The White House is through talking with North Korea, said spokeswoman Sarah Sanders on Monday, remarks which confirmed an apparent split between U.S. President Donald Trump and the nation's top diplomat on how to handle escalating tensions on the Korean peninsula. The president tweeted on Sunday morning that Secretary of State Rex Tillerson was "wasting his time trying to negotiate" with Kim Jong Un's regime. The message was an awkward rejoinder on the heels of Tillerson's revelation that the U.S. was communicating with the rogue state through its own channels, raising the prospect that the two are playing good-cop, bad-cop with North Korea.

Mass Shooting

At least 59 are dead and more than 500 injured in the worst mass shooting in modern U.S. history. Police identified the gunman as 64-year-old Stephen Paddock, who fired upon concert-goers in Las Vegas from a hotel room before turning the weapon on himself. The Islamic State claimed responsibility for the attack, though an FBI special agent said that the bureau had not reached that conclusion as of yet. Trump called the massacre an "act of pure evil," and plans to visit the city on Wednesday. The tragedy has already renewed debate over the nation's gun control laws -- specifically, the lack thereof. Predictably, gun stocks rallied in the wake of the horrific event.
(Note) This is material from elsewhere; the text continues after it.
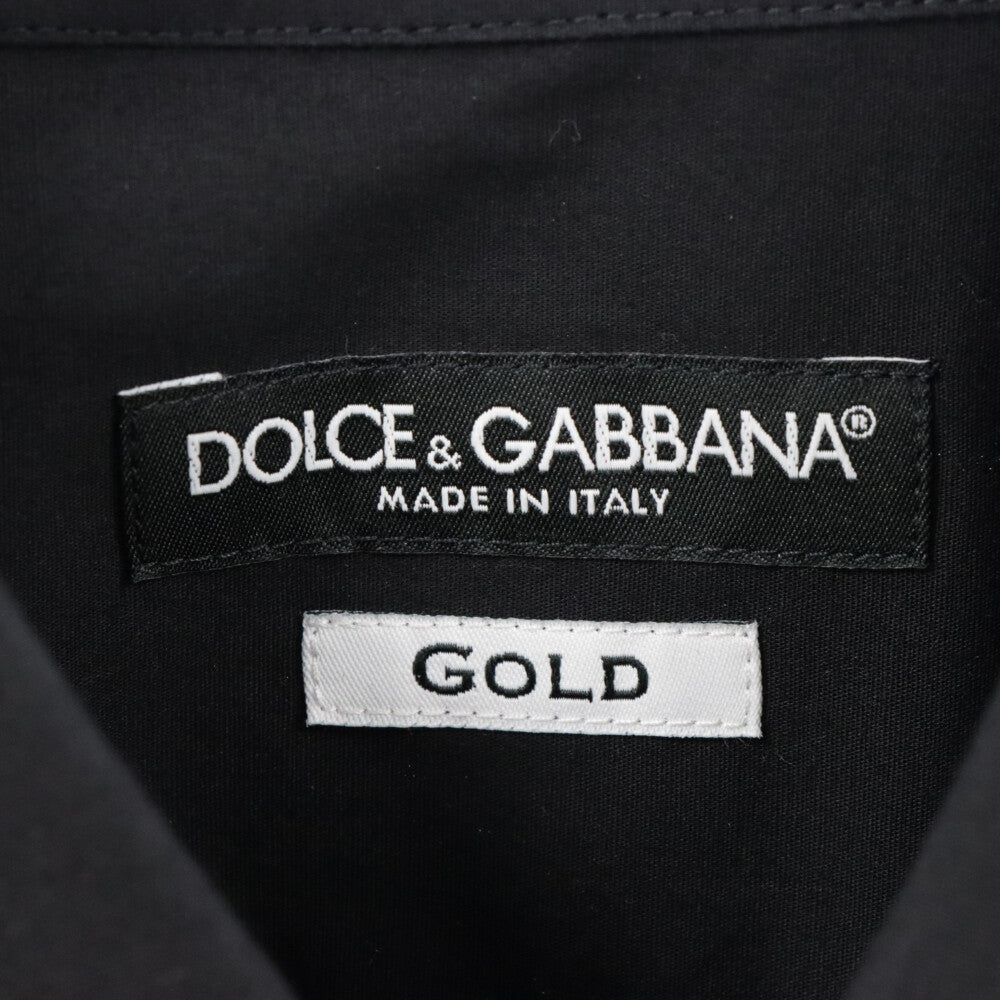 DOLCE & GABBANA(ドルチェアンドガッバーナ) コットン レギュラー カラー 長袖 シャツ ブラック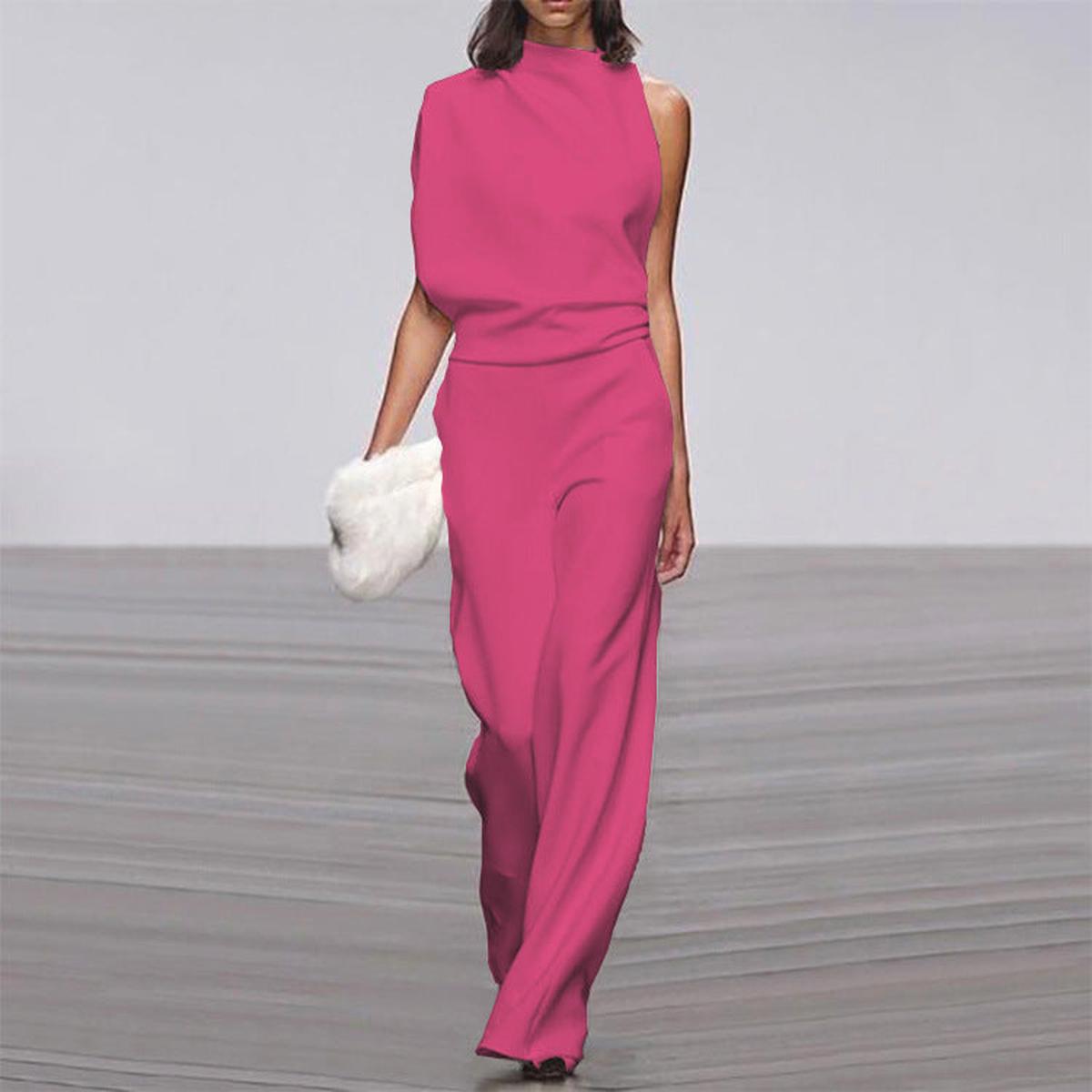 Damen Elegant Asymmetrische Jumpsuit Weite Beine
Also predictably, members of the online community 4chan falsely identified the gunman in posts that were displayed prominently in Google search results following the shooting.

Crisis in Catalonia

Spanish Prime Minister Mariano Rajoy may be forced to play his constitutional trump card to attempt to restore order in Catalonia. On Sunday, violence erupted between activists and Spanish police, who were seeking to shut down the region's independence referendum that had been deemed illegal by the nation's constitutional court. The European Union is also refusing to recognize the results. The prime minister's primary parliamentary ally called upon Rajoy to suspend Catalonia's government and hold new regional elections to bring about a resolution of the crisis. Separatist leaders have suggested they may unilaterally secede as early as this week. Spanish bonds and stocks took a hit on Monday, with Catalan banks coming under acute pressure. Coders who favored Catalan independence where able to stay one step ahead of Spanish regional courts by setting up new apps to direct voters to polling places.

RBA on Hold

Economists unanimously expect the Reserve Bank of Australia to keep rates unchanged at a record low 1.5 percent on Tuesday amid heavy indebtedness among households and sluggish wage gains. There's also a smattering of Aussie economic data due out, with the monthly change in job advertisements for September as well as new home sales and building approvals for August slated for release. Elsewhere, the September reading of the Nikkei India manufacturing purchasing managers' index, Japanese consumer confidence for September, and Hong Kong retail sales for August are on the docket.

Go Fo(u)rth

The most volatile month of the year for U.S. stocks got started with a fresh record high for the S&P 500 Index.  A surge in the U.S. ISM manufacturing purchasing managers’ index to a 13-year high buoyed the risk-on mood. And there’s no shortage of catalysts to propel risk assets even higher, according to analysts. Oil performed poorly on Monday, with West Texas Intermediate futures suffering their worst day in three weeks amid higher production from OPEC and U.S. shale drillers. Nikkei 225 and S&P/ASX 200 futures are in positive territory ahead of the open on Tuesday.